One of the most iconic and visited landmarks in the world is the Notre-Dame Cathedral in Paris. So, it came as a shock on the evening of April 15, 2019, when fire razed the 850-year-old Gothic structure, causing its roof and spire to collapse. As firefighters battled to stop the flames, the world watched nervously for 15 hours to see if the cathedral could be saved.
Still, even if most of the religious relics and artworks were successfully saved, the cathedral’s wooden structures were severely damaged. Clearly, restoration work must be done. And with Paris playing host to the 2024 Summer Olympics, the French president, Emmanuel Macron, pledged to rebuild Notre-Dame within five years.

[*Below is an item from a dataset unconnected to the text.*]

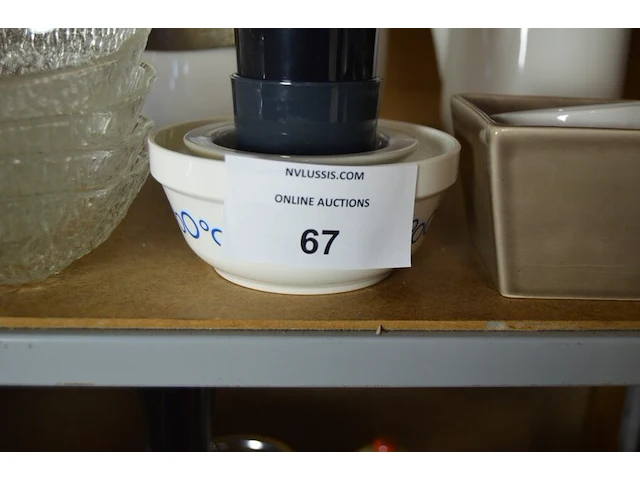 11 champagneglazen op blauwe voet, 4 cocktail glazen, 10 glazen dessert potjes, 11 kommetjes, 2 theepotten, 2 potten met deksel, 5 bakvormen, 11 drinkglazen, houten snijplank, 2 pepermolens - afbeelding 2 van  8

But how does one start to reconstruct a 12th century edifice that was built over the course of 200 years? Conservationists were initially afraid that they would have to rely on surviving sketches made during the cathedral’s last major restoration in 1864. But by a stroke of luck, rebuilding Notre-Dame will be slightly less challenging thanks to the scanning work started a decade ago by an art historian.
In 2011, art professor and historian Andrew Tallon realized that he could use laser scanning technology to deconstruct the way medieval workers built Notre Dame. Collaborating with his students and Art Graphique & Patrimoine (AGP), a Paris company that specializes in architectural and archaeological surveys, they ditched their pencils, steel tapes, and other old tools of trade, and substituted them for tripod-mounted laser scanners. These light-emitting machines swept the cathedral’s structure, collecting data points to recreate the centuries-old edifice in three-dimension.

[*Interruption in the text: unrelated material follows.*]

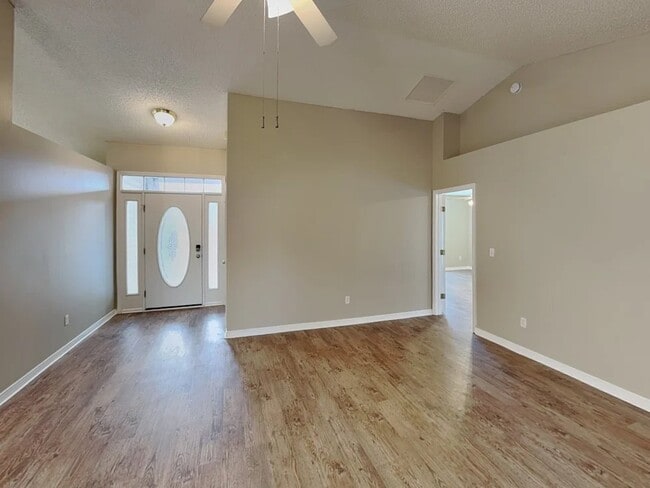 property at 15582 Moss Hollow Dr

With the original archived scans collected by Tallon’s team, and additional data from more recent scanning projects, experts were able to complete the highly-detailed digital twin of the cathedral in March 2021, almost two years after the fire. This 3D model, made up of 50 billion points, is now the foundation for the Notre-Dame’s reconstruction.
Scan them while you can
Laser scanners collected digital data of the interior of the Notre-Dame Cathedral after the fire. The resulting 3D model is now being used to assess the damages and help in the cathedral’s reconstruction. Credit: AGP
“The Notre-Dame fire is a case study which sets a precedent for the acquisition, processing, and sharing of 3D replicas to the wider audience as a form of public good,” says Jonathan Chemla, an engineer who specializes in Computer Vision and Image Processing. He is also the chief technology officer at Iconem, a French company dedicated to the digitalization of the world’s endangered cultural sites.

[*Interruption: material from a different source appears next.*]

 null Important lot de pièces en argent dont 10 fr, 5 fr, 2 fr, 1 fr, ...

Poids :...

Established in May 2013, Iconem has been creating 3D replicas of cultural heritage sites in and out of Europe, more notably in places where a different set of threats affect mankind’s built legacy.
“Our founder, Yves Ubelmann, an architect, has witnessed the disappearance of many heritage sites and artifacts in Afghanistan, Syria, and Pakistan due to urban expansion, floods, earthquakes, massive tourism, looting, and conflicts,” says Chemla. “Yves wanted to find a way to precisely and quickly record the state of a site at one point in time and in 3D.”
And Iconem is doing just that. For example, they were the first team to build realistic 3D models of the ancient city of Palmyra, a UNESCO World Heritage Site in Syria, despite the wave of violent occupations that rocked the country. “In Palmyra, we acquired scans in 2016 and 2017, a period marked with heavy destruction on heritage perpetrated by ISIS,” says Chemla. “Our aim in Palmyra was to use the huge visual data that we have collected to save what remains of Syria’s cultural heritage.”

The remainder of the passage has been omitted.